As for what the U.S. will do to achieve those goals, Earnest said that previous U.S. counterterrorism operations "are a relevant reference point" for how the president might approach ISIS now.

White House: Obama to tell Americans "what’s at stake" in ISIS speech

"We've worked very effectively to defeat terrorists who pose a threat to the United States," Earnest said. "In terms of evaluating what the president's chief concern is and what our solution looks like, it is similar to some of the other counterterrorism missions that the president has ordered and have been successfully executed by the United States military and with the support and in conjunction with our allies around the world."

Speaking in a separate press conference, Secretary of State John Kerry said the speech would offer more detail about the "coordinated global strategy against ISIL," using another acronym for the group.

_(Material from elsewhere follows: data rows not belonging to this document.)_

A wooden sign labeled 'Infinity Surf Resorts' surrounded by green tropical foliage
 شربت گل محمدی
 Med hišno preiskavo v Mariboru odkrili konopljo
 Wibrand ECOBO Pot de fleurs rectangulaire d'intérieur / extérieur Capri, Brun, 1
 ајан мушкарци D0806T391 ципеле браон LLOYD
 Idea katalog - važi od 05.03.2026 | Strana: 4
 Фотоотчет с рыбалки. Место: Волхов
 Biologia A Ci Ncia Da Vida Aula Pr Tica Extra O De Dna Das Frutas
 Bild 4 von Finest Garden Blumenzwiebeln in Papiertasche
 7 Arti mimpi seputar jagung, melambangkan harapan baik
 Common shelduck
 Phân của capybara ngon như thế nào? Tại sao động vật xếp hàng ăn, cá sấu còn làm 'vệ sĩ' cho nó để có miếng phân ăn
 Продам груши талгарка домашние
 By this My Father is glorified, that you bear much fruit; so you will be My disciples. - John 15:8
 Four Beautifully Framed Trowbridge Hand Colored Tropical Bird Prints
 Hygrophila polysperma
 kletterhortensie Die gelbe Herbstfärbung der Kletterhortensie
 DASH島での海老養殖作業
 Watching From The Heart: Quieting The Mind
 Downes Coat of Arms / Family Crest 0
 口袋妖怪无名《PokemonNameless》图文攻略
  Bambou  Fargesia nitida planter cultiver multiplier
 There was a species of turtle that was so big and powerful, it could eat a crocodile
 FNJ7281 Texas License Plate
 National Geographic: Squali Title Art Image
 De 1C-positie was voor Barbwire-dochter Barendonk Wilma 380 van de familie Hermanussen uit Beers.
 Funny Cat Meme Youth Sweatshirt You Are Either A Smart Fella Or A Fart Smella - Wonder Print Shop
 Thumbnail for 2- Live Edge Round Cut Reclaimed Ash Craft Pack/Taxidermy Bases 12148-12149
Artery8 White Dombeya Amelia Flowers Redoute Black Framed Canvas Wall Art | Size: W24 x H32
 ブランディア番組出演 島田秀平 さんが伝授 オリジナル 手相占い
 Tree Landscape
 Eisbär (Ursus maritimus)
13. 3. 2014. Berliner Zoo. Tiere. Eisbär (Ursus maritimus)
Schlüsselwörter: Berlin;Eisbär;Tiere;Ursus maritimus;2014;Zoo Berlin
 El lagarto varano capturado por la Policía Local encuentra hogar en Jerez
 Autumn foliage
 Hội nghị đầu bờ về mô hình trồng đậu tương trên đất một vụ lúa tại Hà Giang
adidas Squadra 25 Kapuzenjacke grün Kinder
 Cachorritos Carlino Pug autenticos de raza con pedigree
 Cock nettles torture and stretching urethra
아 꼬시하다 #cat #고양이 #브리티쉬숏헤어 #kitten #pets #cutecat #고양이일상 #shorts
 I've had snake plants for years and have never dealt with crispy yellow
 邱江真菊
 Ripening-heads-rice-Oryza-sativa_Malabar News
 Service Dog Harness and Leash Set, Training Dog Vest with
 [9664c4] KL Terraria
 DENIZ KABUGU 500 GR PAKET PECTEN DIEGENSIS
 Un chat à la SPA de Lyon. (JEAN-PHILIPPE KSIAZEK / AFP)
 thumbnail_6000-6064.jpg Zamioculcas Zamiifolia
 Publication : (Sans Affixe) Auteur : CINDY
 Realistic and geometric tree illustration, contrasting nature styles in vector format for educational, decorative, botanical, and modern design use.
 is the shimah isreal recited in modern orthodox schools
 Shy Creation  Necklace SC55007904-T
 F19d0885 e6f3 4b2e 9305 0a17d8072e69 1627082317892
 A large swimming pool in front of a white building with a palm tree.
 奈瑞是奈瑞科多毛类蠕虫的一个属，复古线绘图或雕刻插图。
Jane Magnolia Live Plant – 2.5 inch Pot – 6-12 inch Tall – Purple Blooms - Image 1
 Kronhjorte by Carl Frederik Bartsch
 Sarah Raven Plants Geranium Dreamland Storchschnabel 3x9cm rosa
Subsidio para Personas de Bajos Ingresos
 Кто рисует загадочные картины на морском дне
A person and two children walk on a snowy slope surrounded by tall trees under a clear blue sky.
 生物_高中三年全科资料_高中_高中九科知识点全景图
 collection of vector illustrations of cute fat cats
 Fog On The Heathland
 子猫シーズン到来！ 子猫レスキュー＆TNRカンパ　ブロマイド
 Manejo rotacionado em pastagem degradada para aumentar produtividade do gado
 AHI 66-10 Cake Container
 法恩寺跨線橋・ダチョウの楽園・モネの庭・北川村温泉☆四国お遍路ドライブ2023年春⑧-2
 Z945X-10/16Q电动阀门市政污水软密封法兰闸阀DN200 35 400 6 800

"As we build this coalition I want to underscore that almost every single country on earth has a role to play in eliminating the ISIL threat and the evil that it represents," Kerry said. He will travel to the Middle East Tuesday to work on building an international coalition.

Kerry said other nations will have a range of opportunities to help, from providing military assistance to those battling ISIS on the ground to cutting off funding for the group.

Beyond outlining a strategy, the White House is working to build support for Mr. Obama's actions on Capitol Hill. The president will meet with House Speaker John Boehner, R-Ohio, House Minority Leader Nancy Pelosi, D-Calif., Senate Majority Leader Harry Reid, D-Nev., and Senate Minority Leader Mitch McConnell, R-Ky., Tuesday. On Wednesday, administration officials plan to brief senators, and will do the same with members of the House on Thursday.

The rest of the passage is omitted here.